Archivist’s Angle: Grad Alley and other School’s Out Celebrations
May 22, 2017
Emily Rose Johnson (GSAS ’18)
For the past 21 years, on the eve of Commencement, NYU has welcomed graduates and their families for an evening of entertainment in celebration of their great accomplishments. “Grad Alley” itself only began in 1996, but NYU has a long history of throwing year-end celebrations. In addition to a variety of traditions open to students of all classes—dances, dinners, parties for clubs and societies—many schools, colleges, and departments of the University have been celebrating with their graduating students for decades.
In 1935, Washington Square College (now the College of Arts and Science) held a dinner for senior women, and the School of Education held a “Freshmen Farewell Dance for Seniors.” Fifteen years later, the Calendar of Events listed an “Annual Senior Tea” hosted by the Alumnae Club, a senior prom by the College of Dentistry, and a day cruise on the Hudson River by the School of Education. Even earlier, in the late 19th and early 20th centuries, annual Class Days were an amalgamation of oration, ceremony, and satire.
It was in the 1980s that NYU, with only one central campus at Washington Square, began a dedicated series of Senior Week celebrations. In 1987, the events ranged from an evening at a nightclub, to a formal dance and a clambake. In 1991 the University threw an All-University Cookout and a Circle Line Cruise, both on the eve of graduation.
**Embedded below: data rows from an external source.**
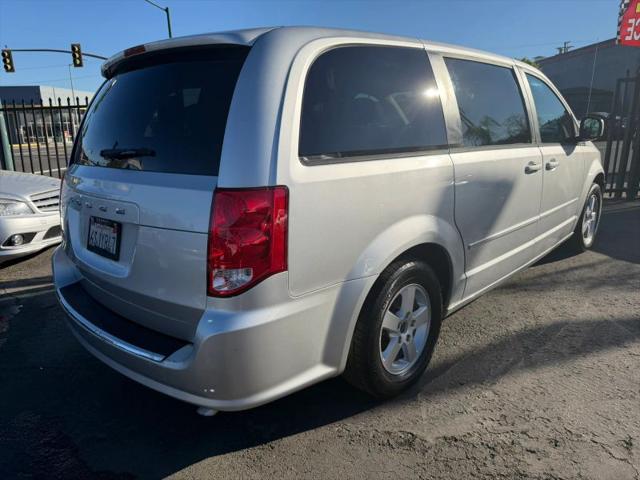 2011 Dodge Grand Caravan Mainstreet
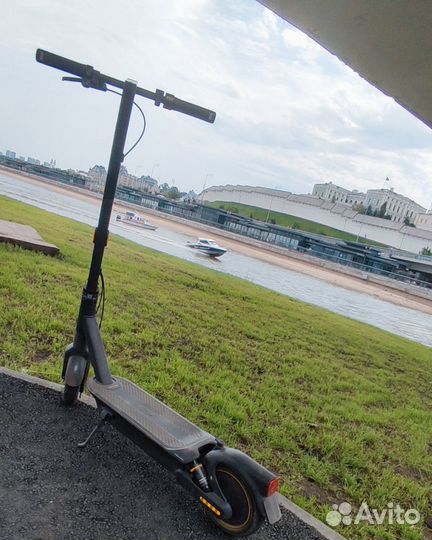 Segway ninebot max g2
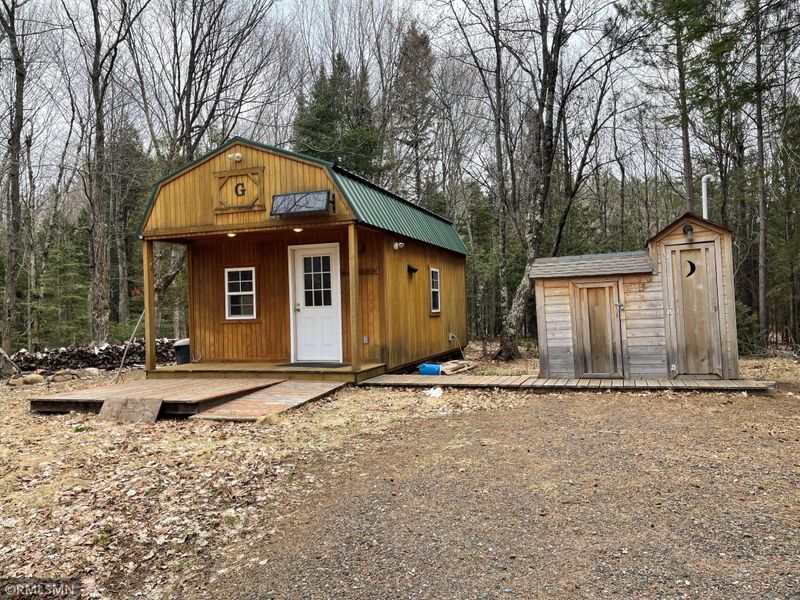 5465 N Cloquet Rd, Duluth, MN 55810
Finally, in 1996, the University established the tradition that continues to this day. The street fair spanning several campus blocks, graduates and their families can take photos with a costumed Statue of Liberty, view and participate in student talent performances, dance, eat, and congratulate their classmates. Grad Alley is constantly adapting for the times and technology; Today, social media plays an integral role in documenting and sharing the Grad Alley experience.